2023-04-27 07:01:01 | 先端軍事テクノロジー
■太平洋からの脅威へ
 12式地対艦誘導弾能力向上型というのは防衛上重要な間に合った装備にカテゴライズされるのかもしれない。

 中国海軍航空母艦の太平洋進出、現在保有している航空母艦は遼寧と山東の2隻体制ですが、2024年には空母福建が竣工する見通しであることから、3隻によるローテーション体制、重整備と補給整備と稼働空母という、1隻の空母を常時遊弋させる体制が完成すると考えられます。まさに日本は小笠原諸島などの防衛を再検討する時期が迫っている。

 12式地対艦誘導弾能力向上型、僥倖というべきかもしれませんが今年から射程900kmという12式地対艦誘導弾能力向上型の量産が開始されます。この900kmという射程は重要で射程500㎞を超えるミサイルは、大量破壊兵器運搬技術拡散防止レジームに抵触する関係上、第三国への供与に制限があり、これらの装備の国産技術は非常に重要なのです。

 900㎞の射程のミサイルであれば、長大な小笠原諸島であっても二か所に配備することでほぼ全域をカバーすることが可能です。そして小笠原諸島には戦闘部隊は展開していませんが、海上自衛隊の硫黄島航空基地、海上自衛隊父島基地、分遣隊が置かれるのみですが南鳥島航空基地など、自衛隊が用地として使用できる拠点は一応整備されています。

 第73航空隊の硫黄島航空分遣隊としてUH-60J救難ヘリコプターも常駐しています、そして小笠原諸島は日本本土から離れている分、無人航空機試験や電子妨害装置試験など、本州で行えば航空法の問題や携帯電話を含む通信ネットワークを麻痺させかねない実験も可能であるとして、一応戦闘機部隊や評価試験、実験部隊の往来は頻繁に行われています。

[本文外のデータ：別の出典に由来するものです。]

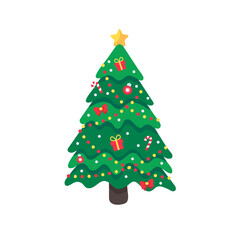 Christmas tree. A pine tree decorated with colorful lights to celebrate Christmas.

 宇都宮の第6地対艦ミサイル連隊廃止は、先走りすぎた決定でした、2001年に新編され2011年に僅か10年間で廃止された東部方面隊直轄部隊です。例えば硫黄島か父島、南鳥島、この二か所に地対艦ミサイル中隊を派遣するだけで射程900㎞のミサイルは、少なくともここは日本領土であると強烈なプレゼンスを航空母艦へ行使することが可能です。

 南鳥島は東京から1860㎞の距離にあり、南鳥島と千葉県あたりに12式地対艦誘導弾能力向上型を配備しますと、中央部分に若干空白地帯は残りますがほぼ全域を射程内とできます、そして父島から東京までは980㎞、他方父島から沖ノ鳥島までは967㎞で若干届きません。一方硫黄島から沖ノ鳥島は723㎞、射程900㎞であれば充分届くのです。